* _TASK TO CARRY OUT_: Starting at the first line of the records and stopping at the line that contains "Women's Quick-Dry Yoga", transcribe every line exactly and leave out the pictures.
*** Block opens ***
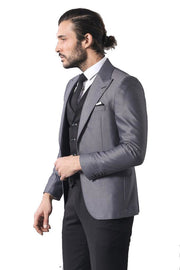 Grey Jacket Combined Black Suit - Wessi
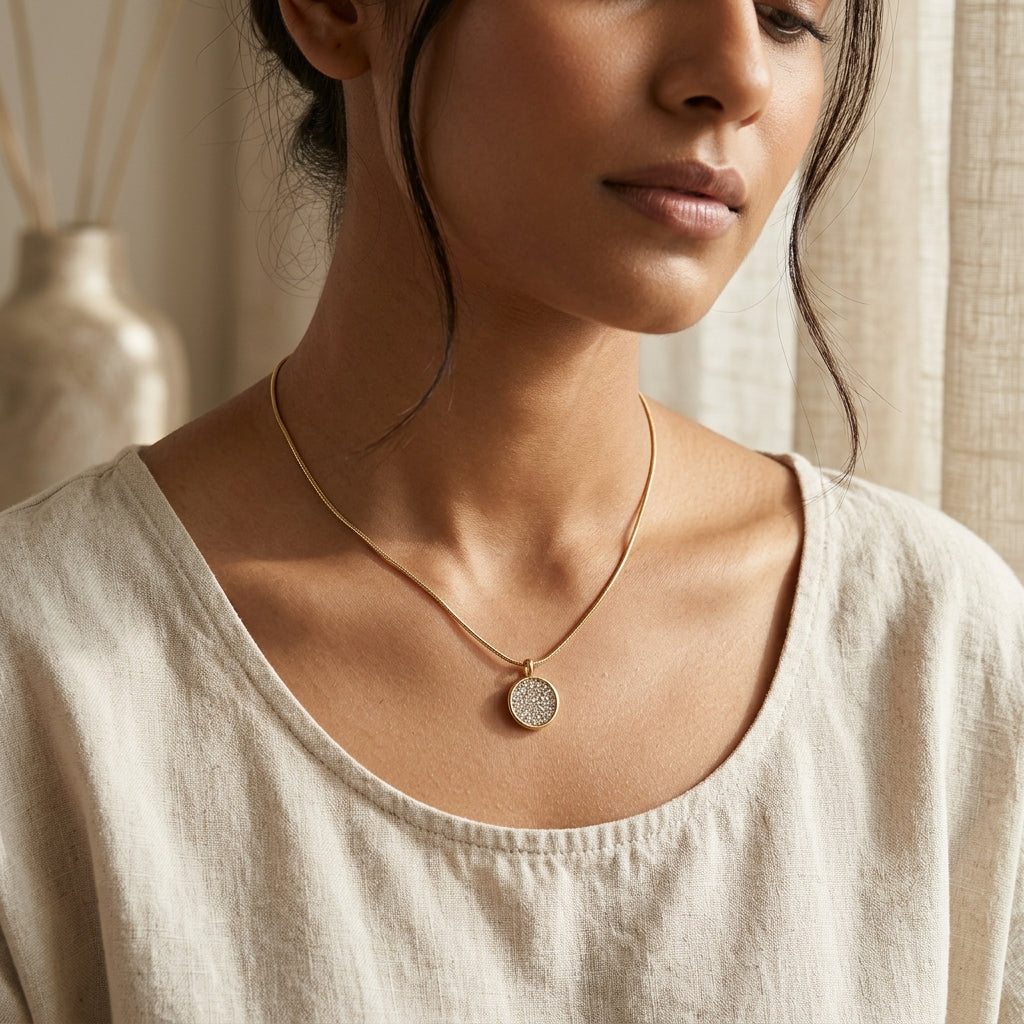 Luna Spark Necklace | Minimal Crystal Pendant Necklace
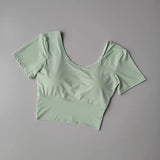 Women's Quick-Dry Yoga Sports Top with Chest Cushion Sexy Short-Sleeved Fitness T-Shirt Tight-Fitting Navel Revealing Yoga Suit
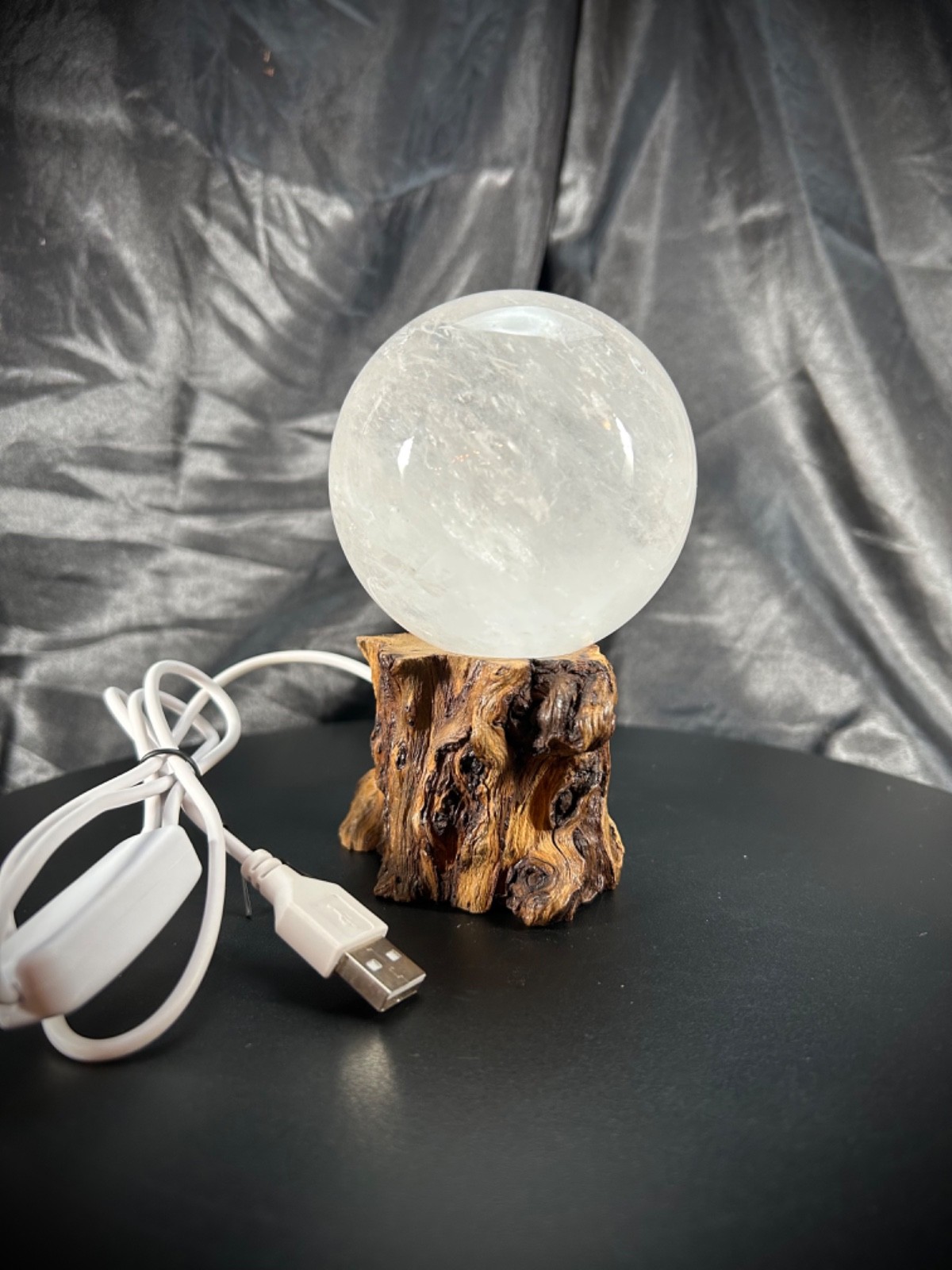 3.1″ Clear Quartz Sphere With Both Lighted Wood And Clear Acrylic Stands 1lb 8oz
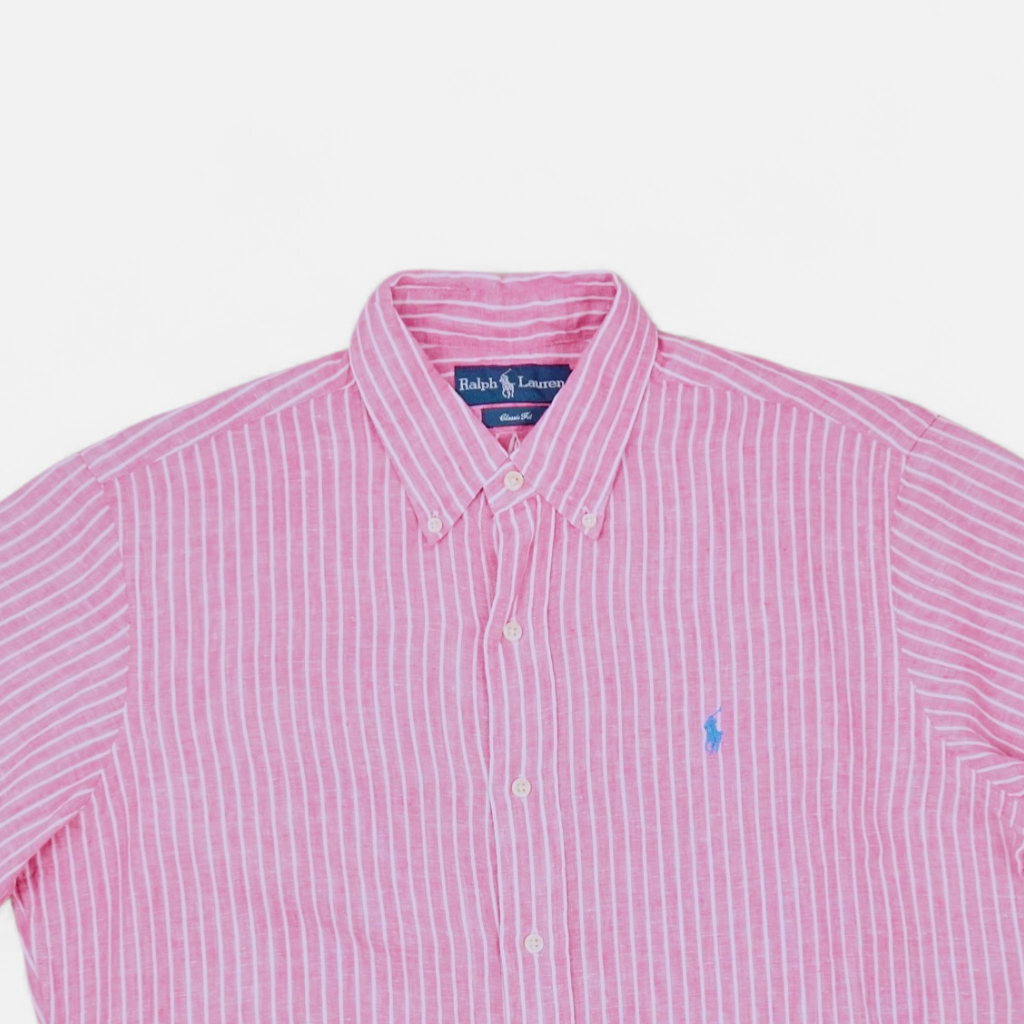 Vintage Ralph Lauren Pink Short Sleeve Shirt (M)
*** Block closes ***
* _COMPLETED TASK_:
 Grey Jacket Combined Black Suit - Wessi
 Luna Spark Necklace | Minimal Crystal Pendant Necklace
 Women's Quick-Dry Yoga Sports Top with Chest Cushion Sexy Short-Sleeved Fitness T-Shirt Tight-Fitting Navel Revealing Yoga Suit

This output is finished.